### Requirement
Beneath this task are the entries; from the line with "Titanium Flat-Bottom Cookware" through the last one, transcribe every line exactly and nothing else, skipping pictures.

Source records
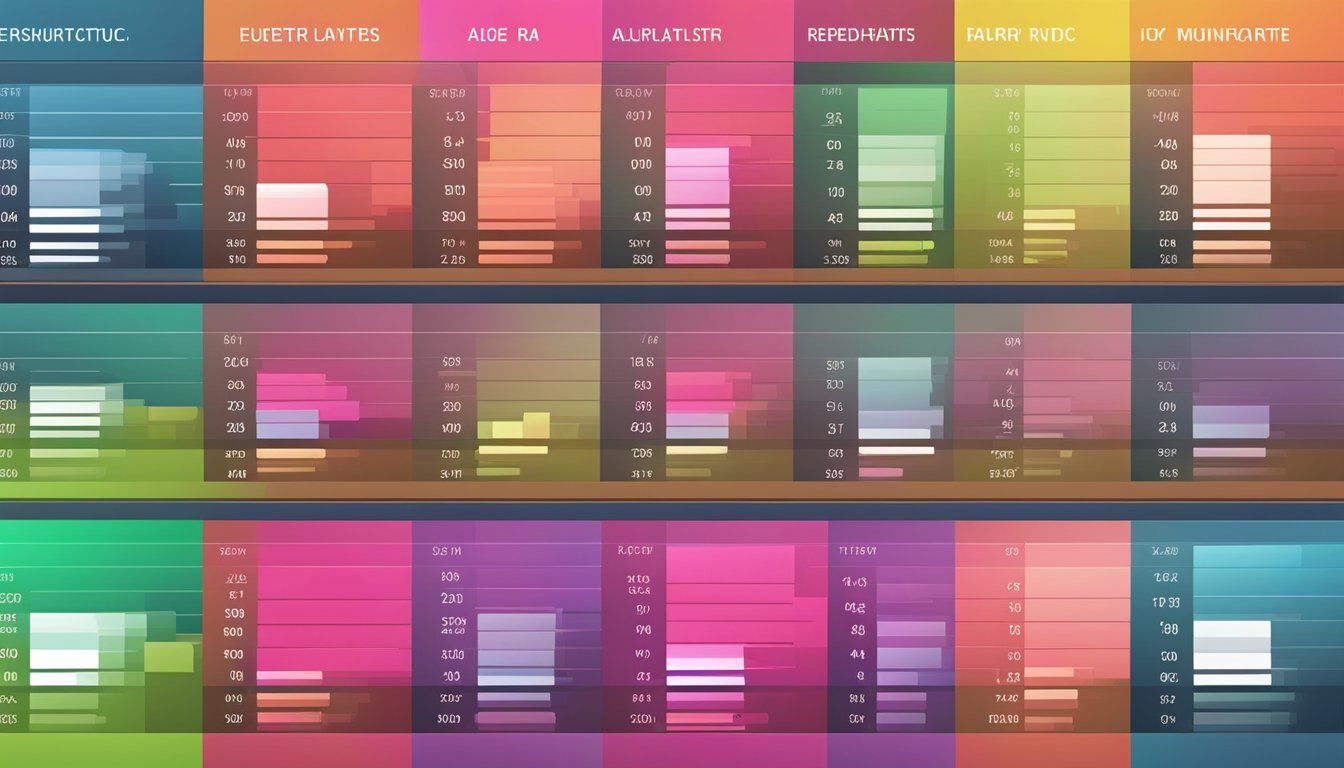 A heart rate monitor displaying varying heart rates corresponding to different age groups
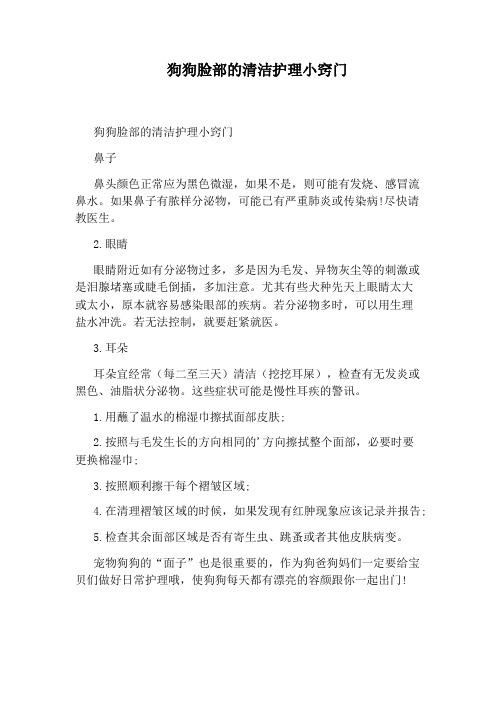 狗狗脸部的清洁护理小窍门
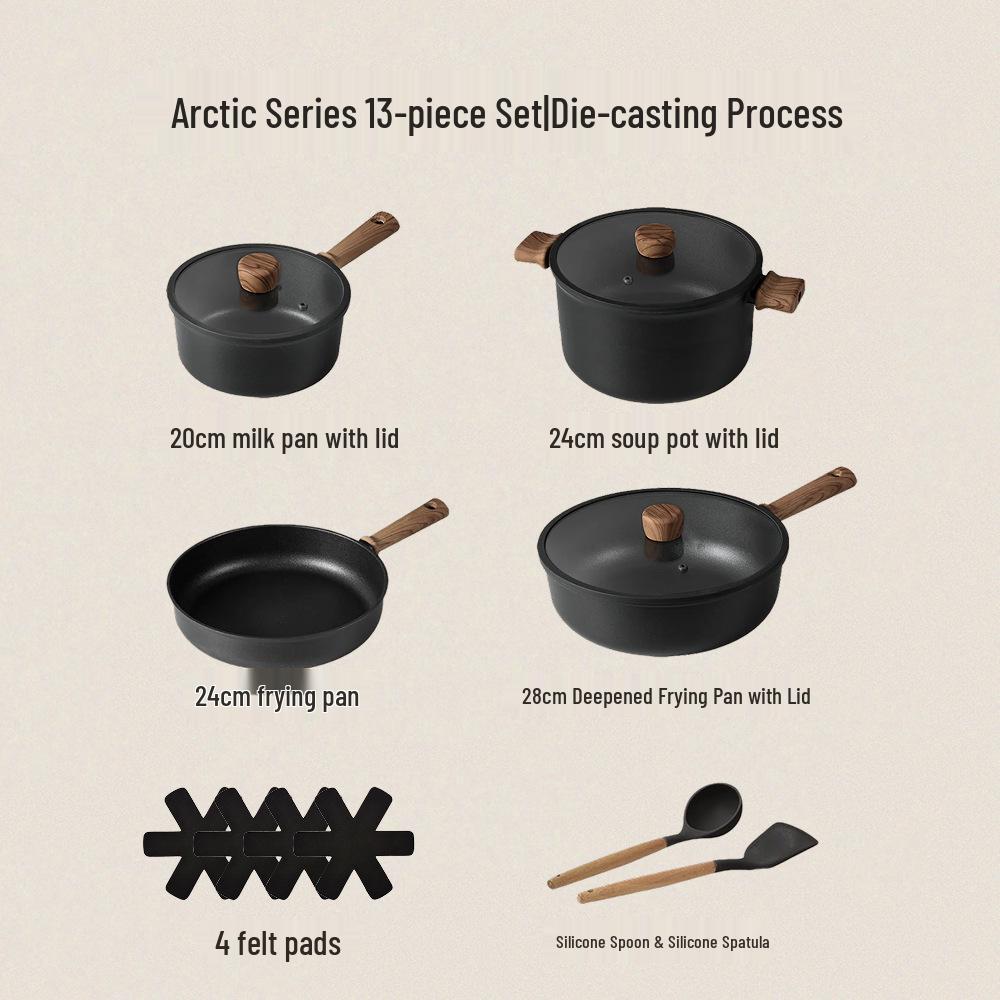 Titanium Flat-Bottom Cookware Set: Non-Stick Frying, Stewing, and Stir-Frying Pot Set for Steak and Eggs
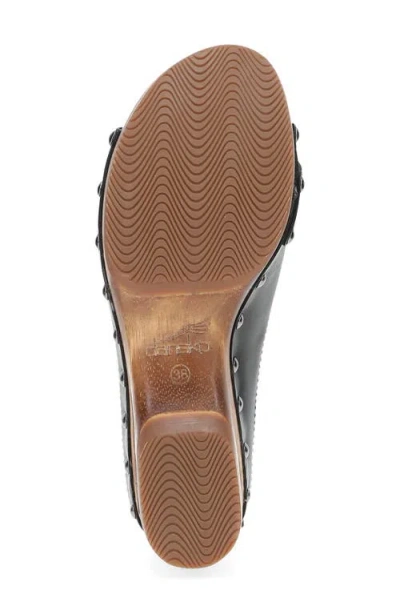 Dansko Adeline Platform Wedge Slide Sandal In Black Calf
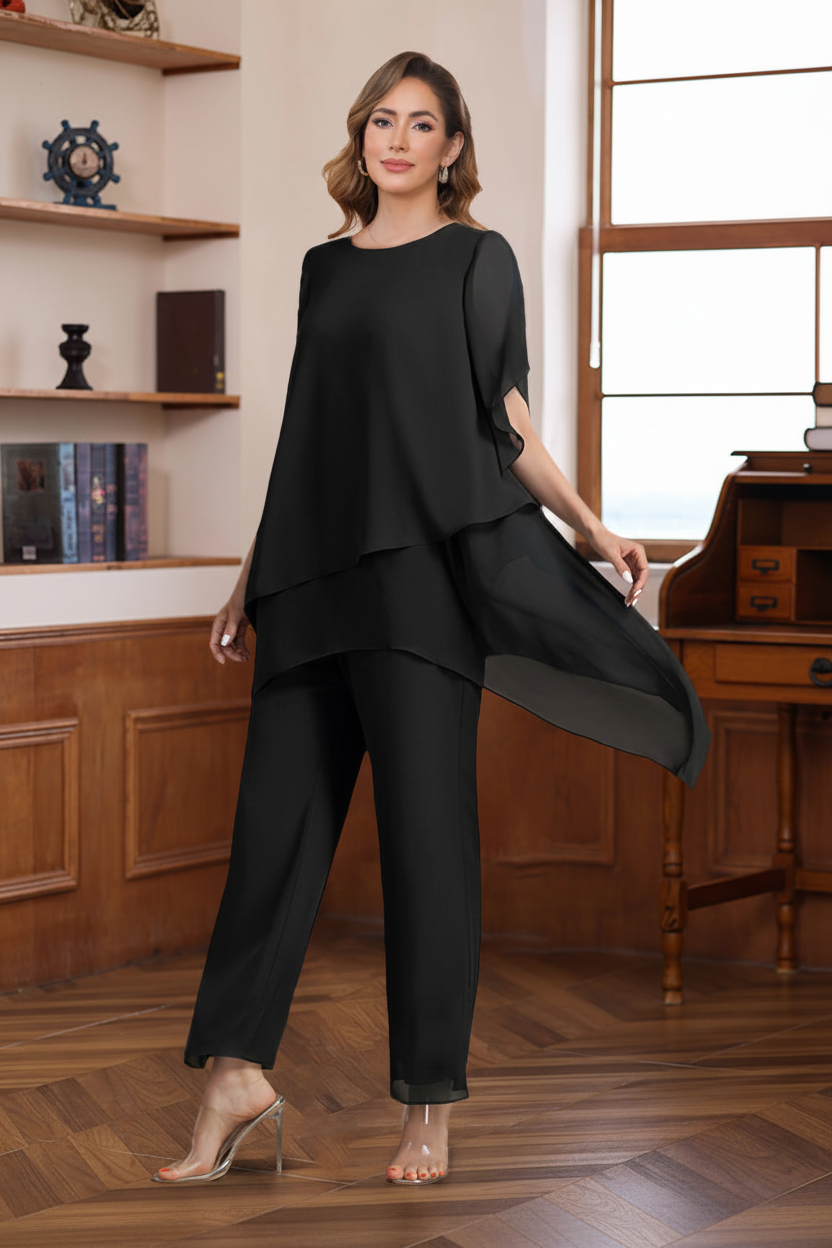 2 Pieces Scoop Half Sleeves Ankle-Length Mother of the Bride & Groom Pantsuits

### Answer box
 Titanium Flat-Bottom Cookware Set: Non-Stick Frying, Stewing, and Stir-Frying Pot Set for Steak and Eggs
 Dansko Adeline Platform Wedge Slide Sandal In Black Calf
 2 Pieces Scoop Half Sleeves Ankle-Length Mother of the Bride & Groom Pantsuits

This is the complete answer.